Mel Gibson drops in from time to time in this predictable throwback thriller from Mark Neveldine.

There is absolutely no need to brush up on geopolitics for Mark Neveldine’s macho thriller “Panama,” which might be a blessing: This over-plotted yet utterly predictable throwback is set in the waning days of Manuel Noriega’s presidency, when sorting out the C.I.A.’s allegiances in Central America was trickier than playing three-card monte. The movie is more interested in resurrecting the spirit of action flicks from the late 1980s, a time when men were brutes, women were pawns or eye candy, and declarative assertions passed for dialogue. “Nothing more rock ‘n’ roll,” Mel Gibson’s Stark whoops here, “than taking out the bad guys for the red, white and blue!”

Gibson is only onscreen for a few scenes, abiding by the current career playbook used by actors of his generation who like an easy paycheck. The heavy lifting (and glowering, and killing) is done by Cole Hauser’s Becker, a dour Marine who, when not gunning people down, spends his time drinking on his wife’s grave. Once enlisted by Gibson’s character to acquire a Soviet helicopter for the Contras, Becker discovers to his grim satisfaction that he and the rebel fighters share a bottomless hunger for revenge — an appetite for destruction, one might say, particularly if that one person were the Contra leader in this movie who, while playing air guitar on a rifle, screams, “Welcome to the jungle!”

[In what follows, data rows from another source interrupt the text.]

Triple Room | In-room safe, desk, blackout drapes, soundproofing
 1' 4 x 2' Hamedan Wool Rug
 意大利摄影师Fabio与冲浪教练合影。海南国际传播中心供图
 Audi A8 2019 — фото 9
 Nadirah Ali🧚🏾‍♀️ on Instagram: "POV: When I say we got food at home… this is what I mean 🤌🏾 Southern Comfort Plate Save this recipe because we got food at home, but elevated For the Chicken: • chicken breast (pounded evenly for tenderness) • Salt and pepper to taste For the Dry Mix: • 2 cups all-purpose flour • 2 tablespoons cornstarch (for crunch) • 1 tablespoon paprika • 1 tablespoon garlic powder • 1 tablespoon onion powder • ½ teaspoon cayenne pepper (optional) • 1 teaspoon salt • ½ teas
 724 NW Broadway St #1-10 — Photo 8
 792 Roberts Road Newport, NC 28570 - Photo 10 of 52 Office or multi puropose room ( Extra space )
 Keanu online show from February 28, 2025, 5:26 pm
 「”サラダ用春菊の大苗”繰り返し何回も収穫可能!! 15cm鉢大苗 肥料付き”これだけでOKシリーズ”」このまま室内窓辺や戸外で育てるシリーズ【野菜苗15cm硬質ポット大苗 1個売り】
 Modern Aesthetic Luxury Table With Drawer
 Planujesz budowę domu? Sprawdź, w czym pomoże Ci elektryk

“Panama” should be more fun, given that Neveldine was a writer and director of the giddily moronic “Crank” films, which he made alongside Brian Taylor. (This movie was written by William Barber and Daniel Adams.) But it’s mostly a lot of manic editing and caffeinated camerawork, each trying and failing to juice some excitement out of Hauser’s dull performance. There is a slow-motion shot of a snow leopard, sound-tracked by hair metal. It is delivered without a lick of ironic wit.

Panama
Rated R for brutal fracas and repeated references to rape. Running time: 1 hour 34 minutes. In theaters and available to rent or buy on Google Play, Vudu and other streaming platforms and pay TV operators.